### WHAT THE EXERCISE ASKS
Exactly as they appear, output all of the records. Skip any images.

### RECORDS PROVIDED

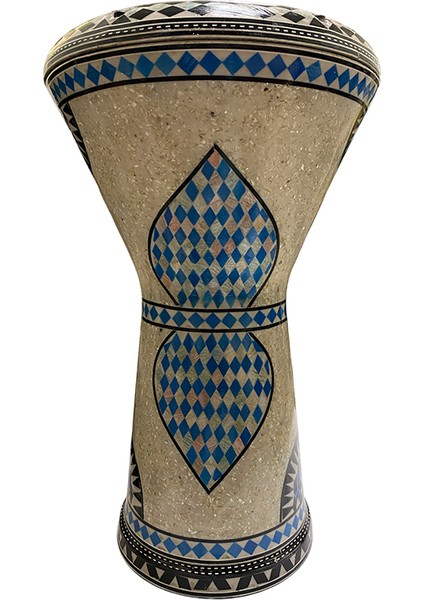 24007 Orijinal Mısır Döküm Profesyonel Darbuka Işlemeli 22 cm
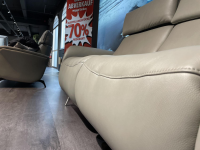 himolla - Sofa Hans Leder 35 Mariposa Opal Beige Metallfuß Edelstahloptik 62 Silber - 3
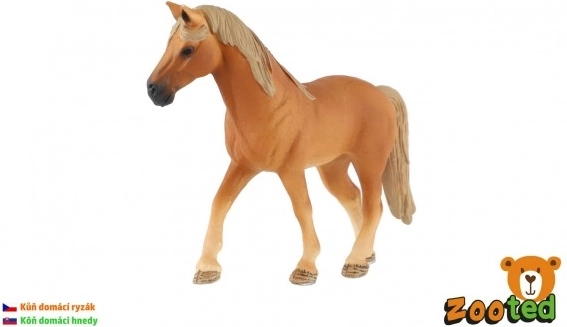 Plastični model rjavega konja 13 cm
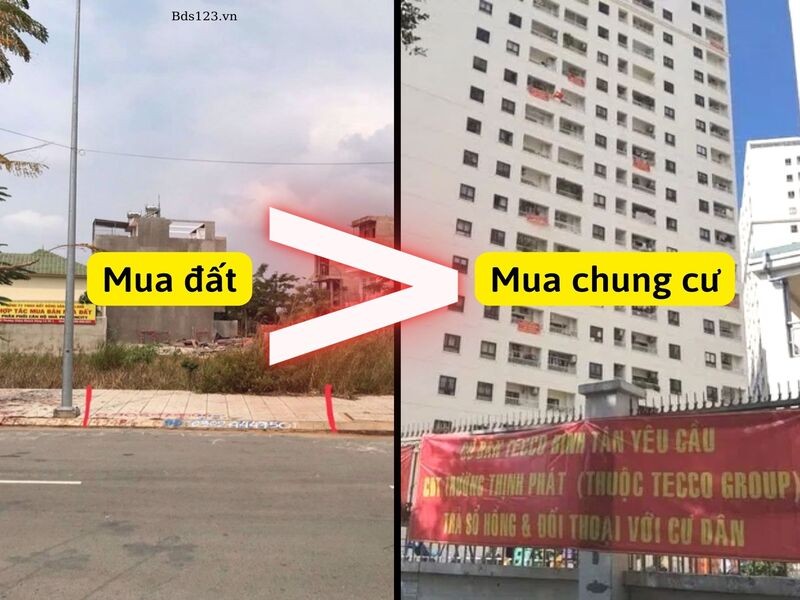 Blog Bds123.vn: Chọn mua đất ven TPHCM vì sợ bị ngâm sổ hồng chung cư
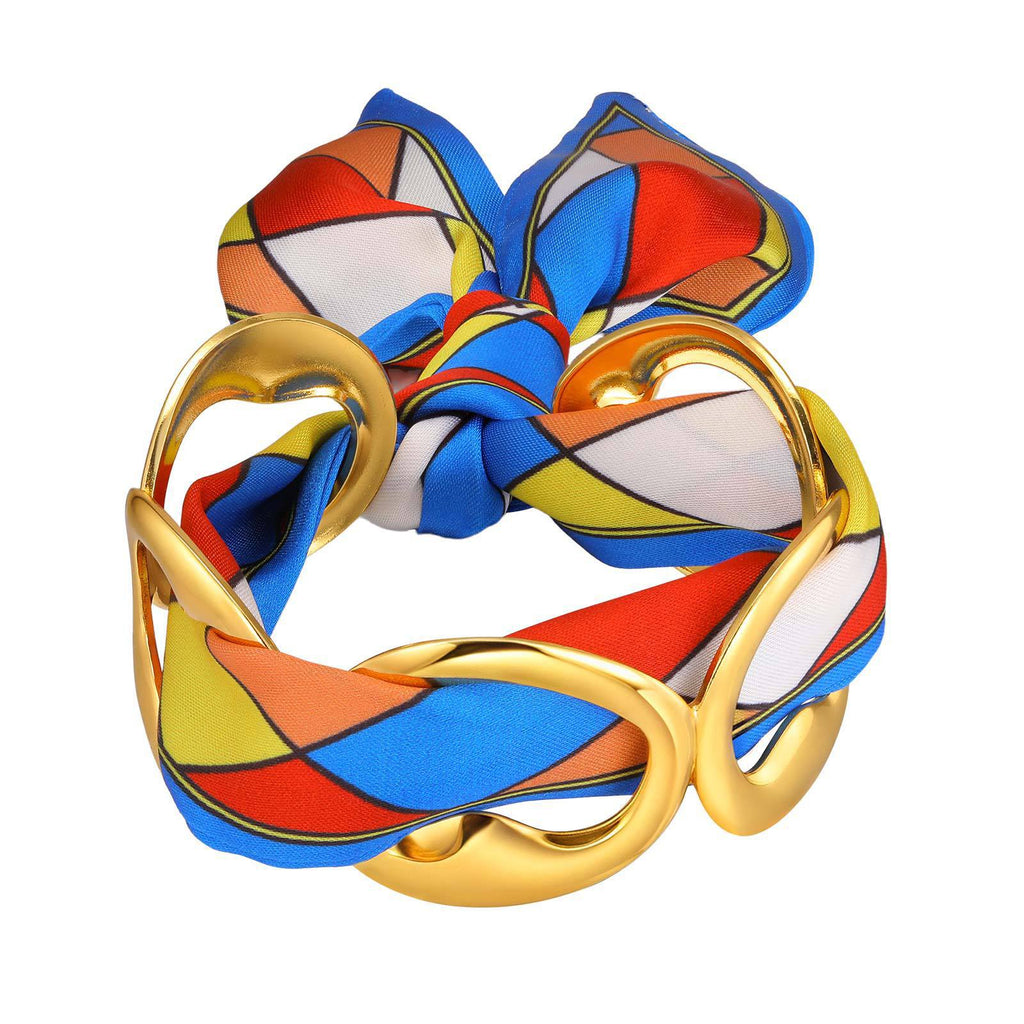 Nora — Brazalete Nórdico con Pañuelo · Imagen del proveedor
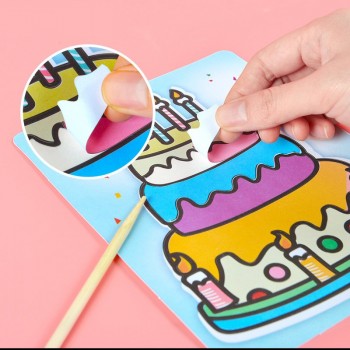 Kindergarten Rope Paste Painting Creative DIY Set Handmade Crafts Toy Early Educational Kids Child Children Toys Gift Present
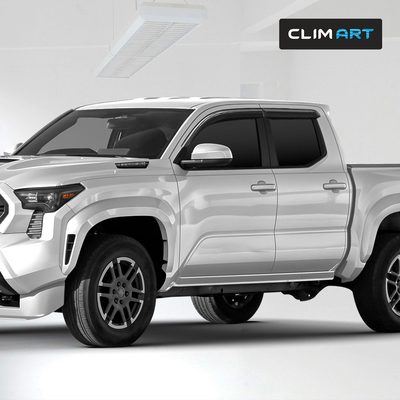 Clim Art Wind Deflectors for Toyota Tacoma Double Cab 2024-2026 Dark Smoke 4Pcs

### OUTPUT OF THE EXERCISE
 24007 Orijinal Mısır Döküm Profesyonel Darbuka Işlemeli 22 cm
 himolla - Sofa Hans Leder 35 Mariposa Opal Beige Metallfuß Edelstahloptik 62 Silber - 3
 Plastični model rjavega konja 13 cm
 Blog Bds123.vn: Chọn mua đất ven TPHCM vì sợ bị ngâm sổ hồng chung cư
 Nora — Brazalete Nórdico con Pañuelo · Imagen del proveedor
 Kindergarten Rope Paste Painting Creative DIY Set Handmade Crafts Toy Early Educational Kids Child Children Toys Gift Present
 Clim Art Wind Deflectors for Toyota Tacoma Double Cab 2024-2026 Dark Smoke 4Pcs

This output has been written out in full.